Надо признать, что мир предстает довольно необычным в таком «отражении». Поскольку истинность атомарного предложения не зависит от истинности других предложений (а определяется существованием соответствующего атомарного факта), мы не можем на основе истинности одного атомарного предложения заключить об истинности другого атомарного предложения. Отсюда Витгенштейн делает вывод о том, что «из существования или несуществования какого-либо одного атомарного факта нельзя заключить о существовании или несуществовании другого атомарного факта» (2.062), т. е. все атомарные факты оказываются независимыми друг от друга. Каждый атомарный факт случаен в том смысле, что объектам, составляющим субстанцию мира, «случилось» иметь такую конфигурацию. Если конфигурации, присутствующие в действительном мире, случайны, то совокупность всех возможных конфигураций, согласно Витгенштейну, определяет область необходимого и совпадает с логическим пространством. Необходимость в мире Витгенштейна является только логической, другие необходимые связи (например, причинно-следственные) в нем отсутствуют. Эту логическую необходимость и выражают тавтологии, которые одновременно являются аналитическими и априорными истинами.

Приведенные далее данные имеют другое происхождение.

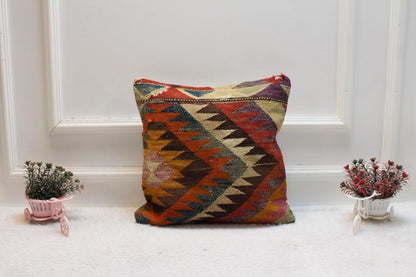 Vintage Turkish Rug Pillow Cover: 16x16 Rainbow Kilim Pillow
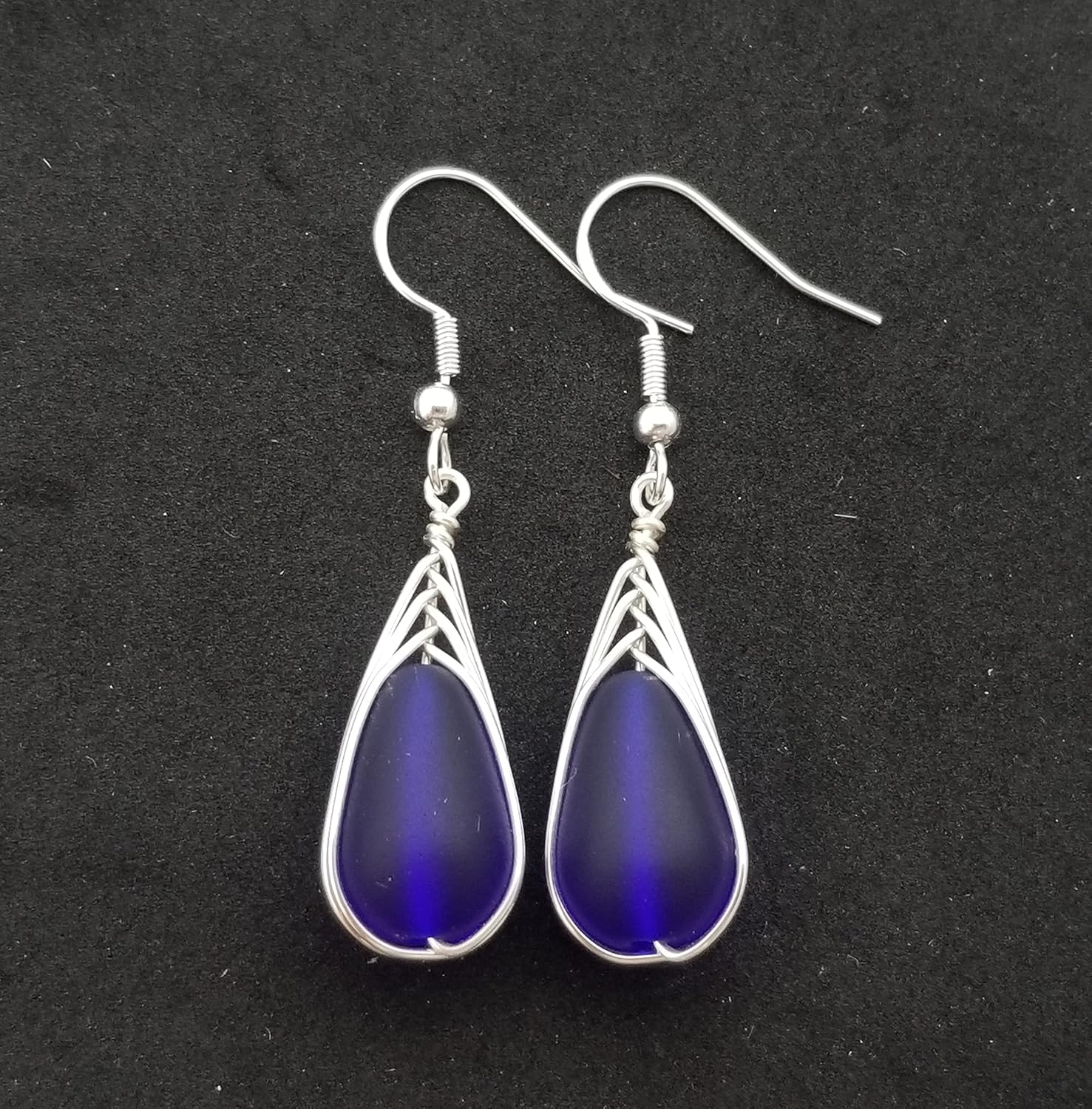 Yinahawaii Handmade Sea Glass Earrings, Hawaiian Jewelry, Wire Braided Earrings Teardrop Earrings, Beach Jewelry Sea Glass Jewelry For Women Birthday Gift - Image 4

Необычность рисуемого Витгенштейном мира во многом объясняется тем, что в качестве его «коррелята» выбран экстенсиональный формально-логический язык. Хотя в «Трактате» не дано подробного и строгого описания этого языка, однако, взяв в качестве отправной точки логические системы Фреге и Рассела, Витгенштейн внес некоторые существенные изменения, о которых следует кратко сказать и которые, видимо, были вызваны его стремлением привести формальный язык логики в соответствие с новым пониманием ее природы. Здесь главным новшеством стало введение вместо пропозициональных связок и кванторов единого оператора N, в котором были обобщены идеи пропозициональной связки и квантора [43] и который был призван выразить ту идею, что истинность каждого предложения, образованного с его помощью из других предложений, является функцией от истинности этих других предложений. В результате в логической системе Витгенштейна каждое предложение может быть построено из атомарных предложений путем повторного применения к ним этого оператора N. Мы не будем касаться вопроса о достоинствах и недостатках этой системы. Отметим лишь, что в отличие от стандартной пропозициональной логики, в которой каждое высказывание является функцией истинности от конечного числа атомарных высказываний и поэтому существует разрешающая процедура для определения логически истинных высказываний (тавтологий), в системе Витгенштейна некоторые предложения (а именно те, которые содержат индивидные переменные) являются функциями истинности от потенциально бесконечного числа предложений или предполагают потенциально бесконечное число применений оператора N к другим предложениям. Это означает, что разработанный им метод истинностных таблиц не во всех случаях позволяет выявить тавтологии.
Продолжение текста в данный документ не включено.